Вредную, в общем, ошибочную и неправильную. Про пару беглецов — мужика же и девчонку. Спасались они от небывалого допрежь катаклизма, и горела у них земля под ногами самым, что ни на есть, синим. И не столько от катаклизма горела, сколько от осознания горемыками жуткого: суждено, дескать, им выбраться из всех попутных ужасов целыми и невредимыми, за что — в уплату ли, просто ли по судьбе — должно будет полюбить друг дружку любовью доселе неслыханной, а плодом любви тоей станет никто иной сам антихрист.

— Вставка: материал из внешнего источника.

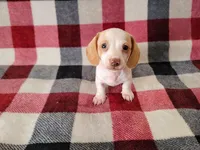 Milo, a male Miniature Dachshund for sale in Deltona, FL – 1 of 5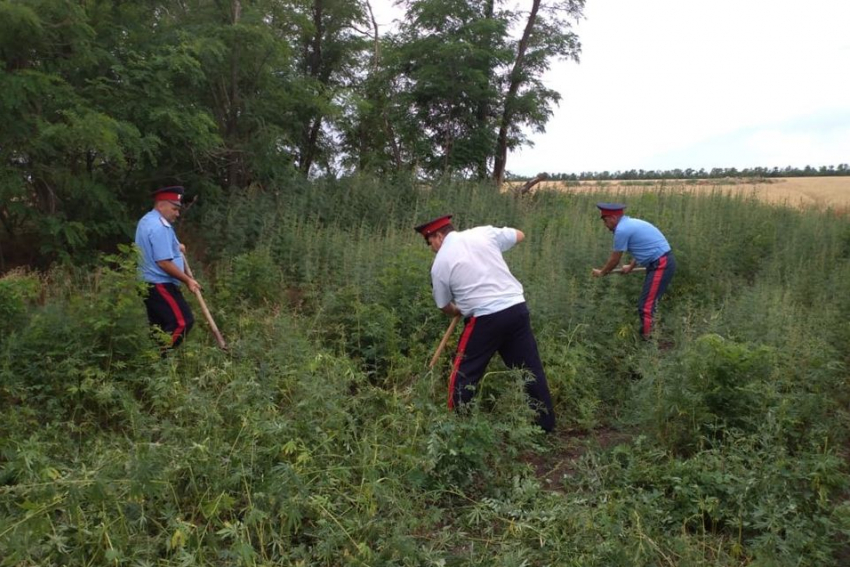 В Ростовской области казаки уничтожили 15,5 тонн конопли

Причём пар таких бегло не одна и даже не две, а сразу энное количество. Ну, чтобы наверняка: одни не прорвутся, другие сгинут, третьих остановят — а которым-то-нибудь да и повезёт. Уберегутся, сердешные, воспылают от тягот пережитых, совокупятся и исполнят злодейский завет — породят погибель миру.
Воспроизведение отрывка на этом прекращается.